# [Topic-models] LDA beginner's questions

Wed Nov 5 13:09:57 EST 2008

>> Hi,
>>
>> Thanks a lot for replying.
>> Some comments and questions inline...
>
>>>>4. Why is p(z_n | \theta) given by \theta_i for the unique i such that
>>>>z_n^i = 1 ?
>>> Because \theta = { \theta_1, \theta_2, ..., \theta_n }, where each entry
>>> gives
>>> the probability for one topic. And for topic z_n^i = 1 it is given by
>>> \theta_i.
>>
>> So that means there's no possibility of a word belonging to one topic
>> more than the others?
>> If a word belongs to a topic, that words belongs to only this topic?
>> Can this assignment change the next time we notice the same word later
>> in the document?
>>
>Yes there is. P(w_i|z_p = 1) is in general different from P(w_i|z_q = 1).
In English: The word "belongs the most" to the topic that gives it the
highest probablity to occur. This probability is different for topics
p,q,...

See my mail for the question.

>
>
>>>>What steps do we make in order to make the LDA work correctly?
>>> I do not understand the question.
>>
>> The part you wrote below answered my question :)
>>
>>>>Estimate parameters and then do inference, or the other way around? I
>>>>think this is missing in the paper.
>>
>>> First parameter estimation, then inference. You need the parameters for
>>> inference.
>>
>> Please correct me if I am wrong:
>> the estimation works by estimating \alpha and \beta,
>> while inference gives me the values of z ?
>>
>Yes. And estimation with GibbsLDA (http://gibbslda.sourceforge.net/) gives
me all the other variables too. I think inference computes \theta too.
>BTW you cannot infer without estimated parameters.
>
>> I'm also curious why the original paper describes inference first,
>> then estimation...
>> Any hints?
>>
>No. I found it confusing too. Anyone knows why?
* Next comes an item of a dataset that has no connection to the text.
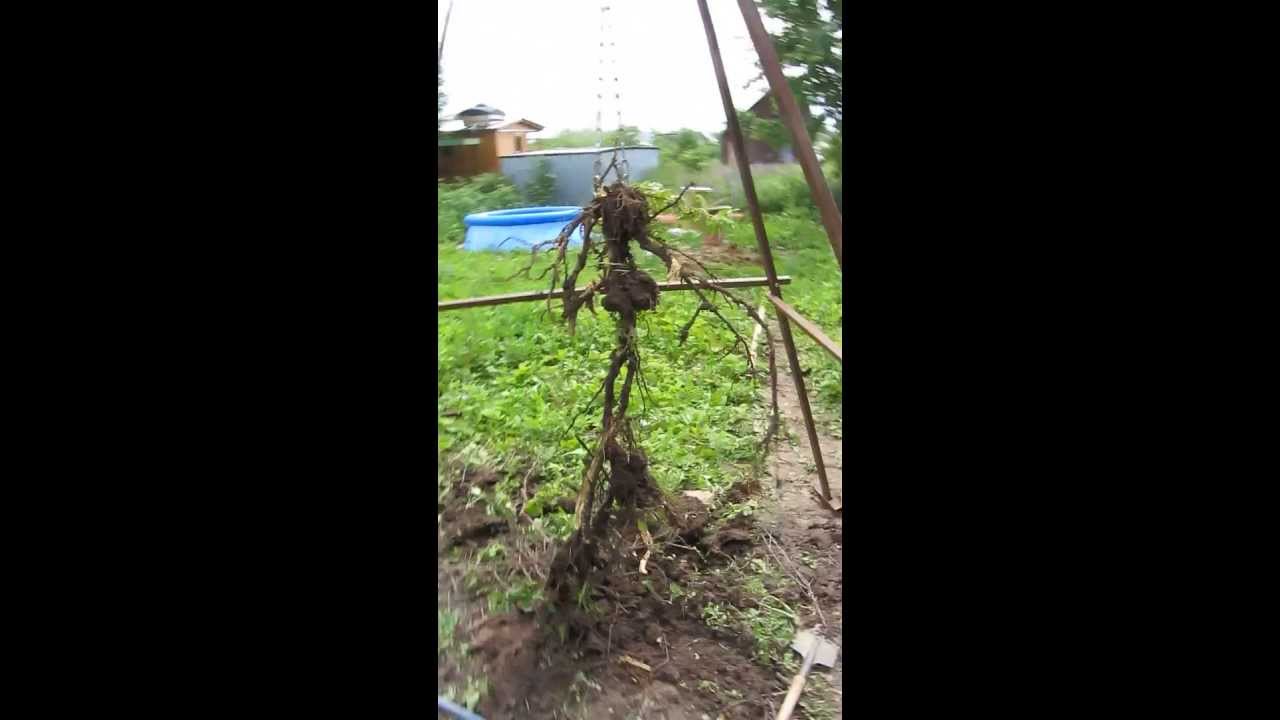 Как раскорчевать участок лебедкой Как раскорчевать участок лебедкой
For graphical model problems, there are 3 basic problems,
inference, parameter learning and structure learning,
in the order of increasing difficult, structure learning is the
most difficult one so that most of the work related to
this topic just specify a graphical model in prior,
while leave the other 2 problems to be solved

>
>>>>7. Is the LDA-C a 1-1 implementation of what is published in the
>>>>paper? I was trying to read the code but for the first few passes over
>>>>the code I don't see any direct mapping to most of the equations
>>>>published in the paper.
>>
>>> I do not know. But it had comparable results in a short experiment.
>>
>> Ok. I'll rephrase a bit more to get more details.
>>
>> To what part of the paper does lda_mle() function refer to?
>>
>I do not now the source. I didn't do much with lda-c

lda_mle() This correspond to the M step of \alpha and \beta, but as it
uses a constant \alpha for all the \k, so a sufficient statistics approach
is used in the programming.

LDA-C is exactly the same as in the LDA paper except that it uses constant
\alpha
and do not use the smoothing scheme for \beta.